Required action >> The response must consist of the lines from the one holding "防城区市政道路太阳能路灯" through the final line of the entries, given again exactly and without any pictures.

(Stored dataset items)
>>>

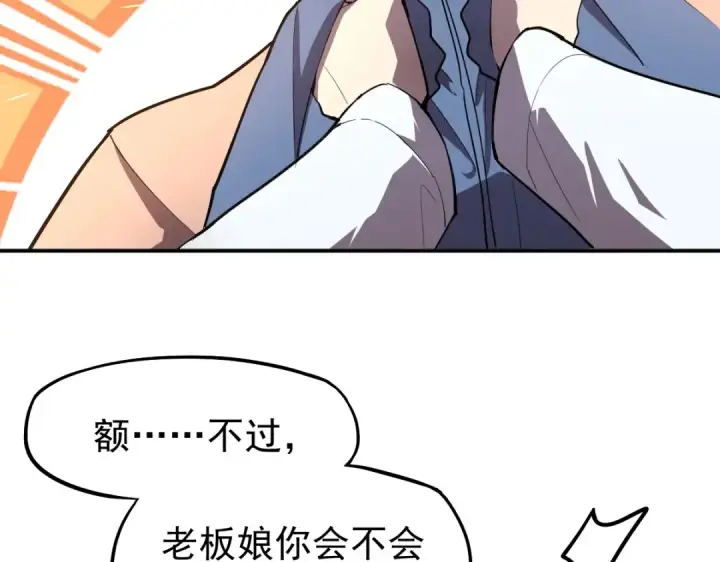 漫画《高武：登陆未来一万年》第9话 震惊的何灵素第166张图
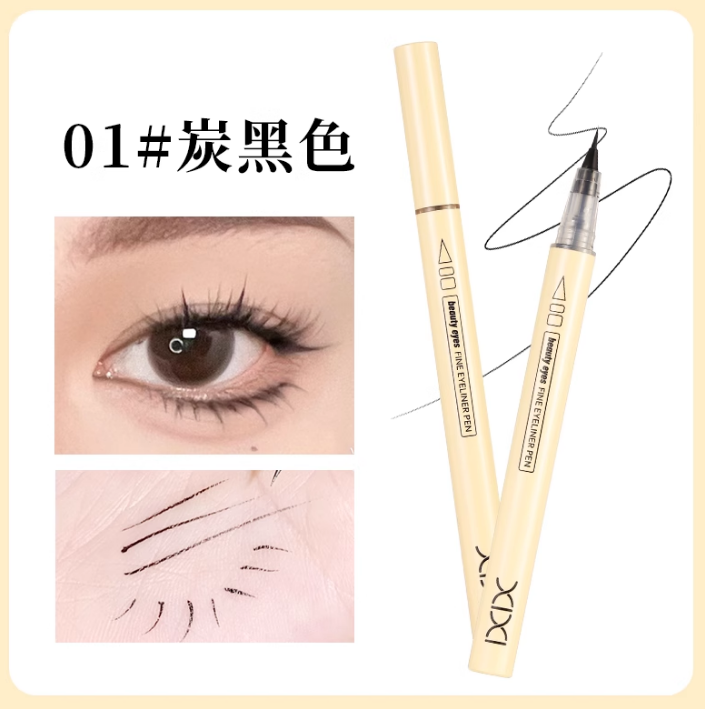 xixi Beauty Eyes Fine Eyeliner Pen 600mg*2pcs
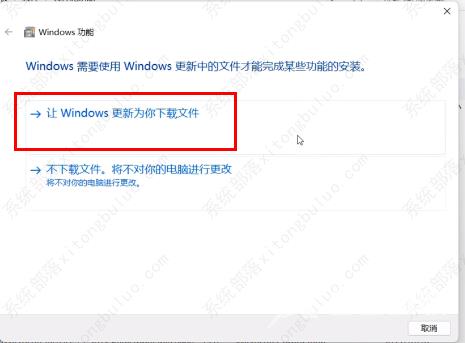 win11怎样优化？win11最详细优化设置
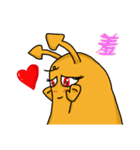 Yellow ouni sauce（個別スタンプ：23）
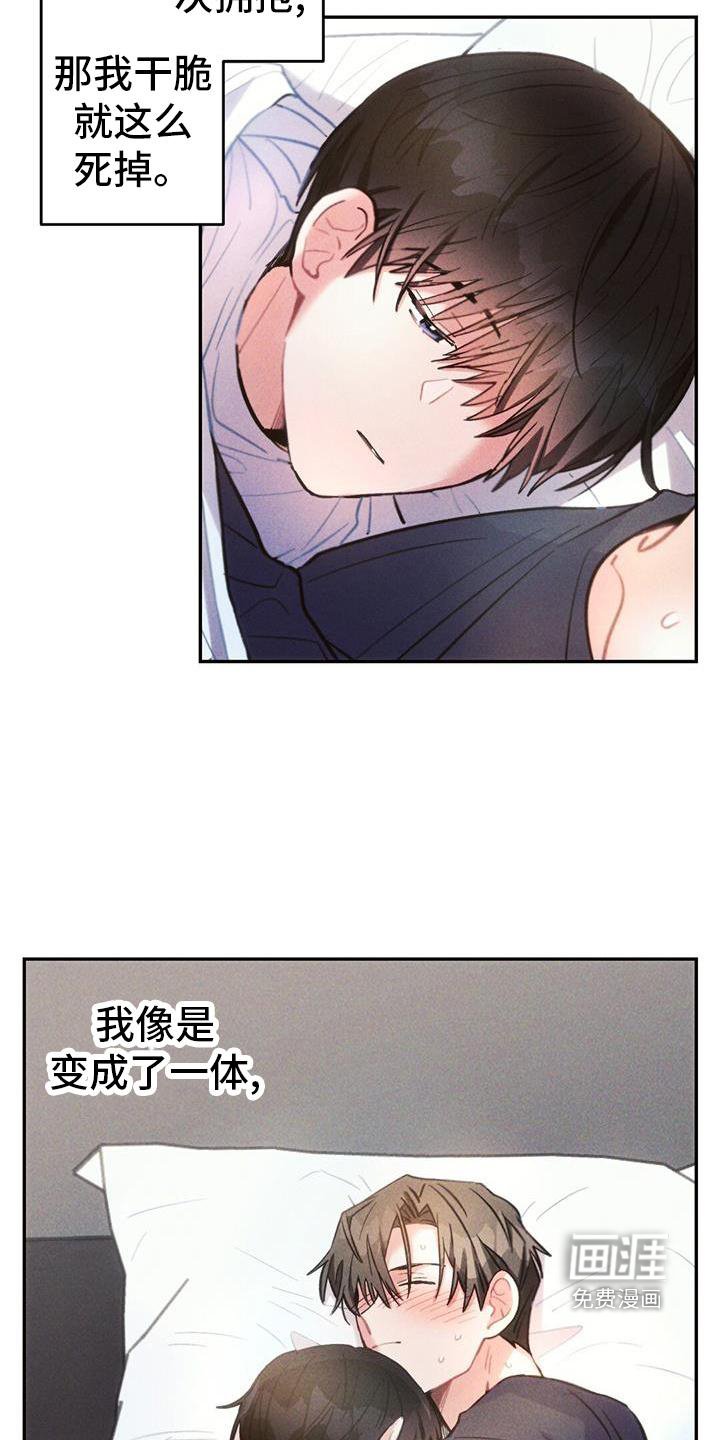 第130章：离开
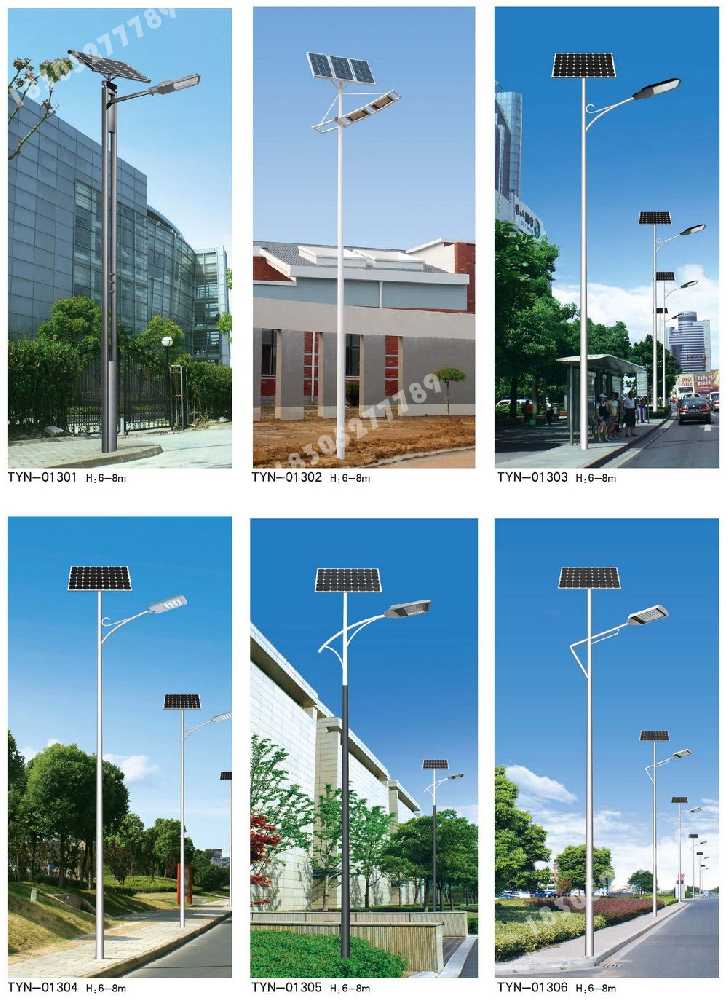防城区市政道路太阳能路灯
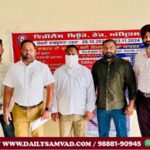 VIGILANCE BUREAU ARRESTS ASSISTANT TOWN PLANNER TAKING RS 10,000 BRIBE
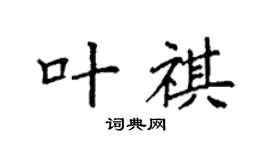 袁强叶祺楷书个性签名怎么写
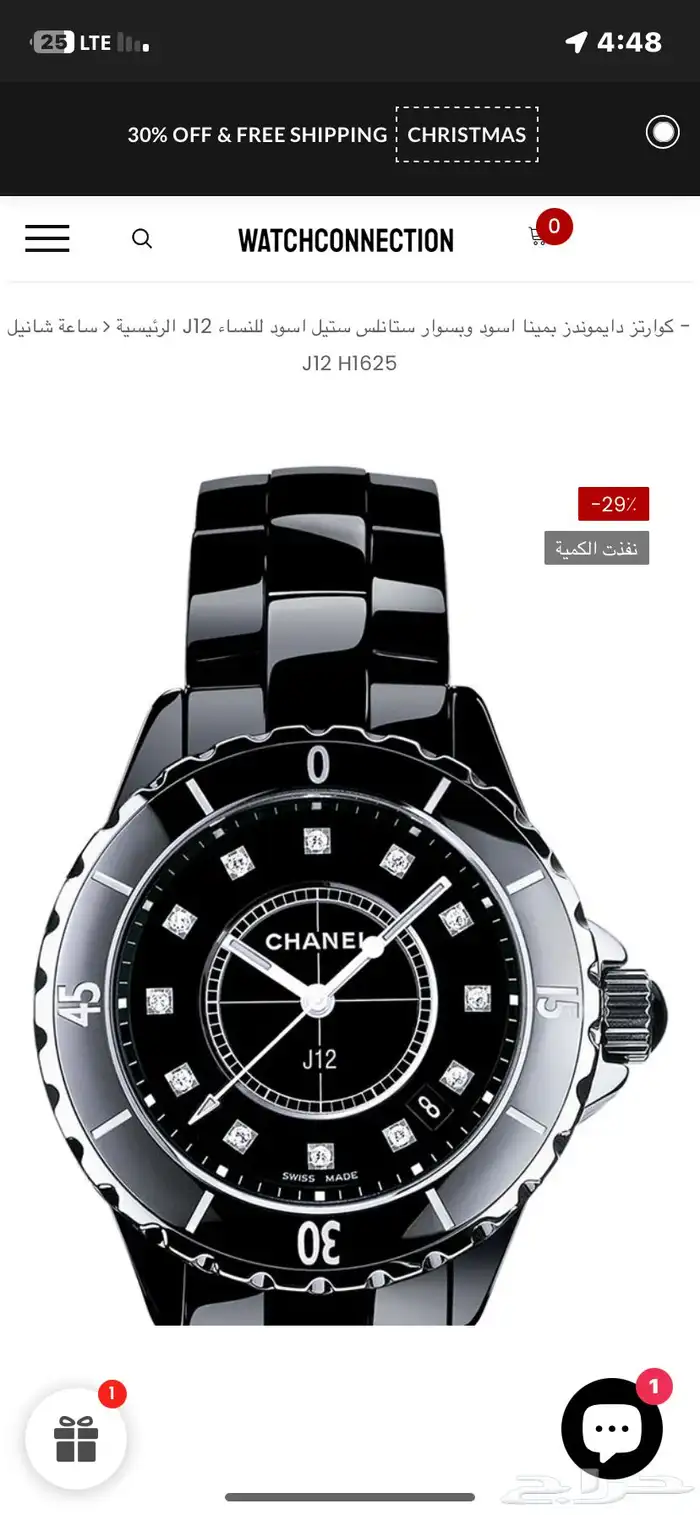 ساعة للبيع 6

<<<

Response area >>
防城区市政道路太阳能路灯
 VIGILANCE BUREAU ARRESTS ASSISTANT TOWN PLANNER TAKING RS 10,000 BRIBE
 袁强叶祺楷书个性签名怎么写
 ساعة للبيع 6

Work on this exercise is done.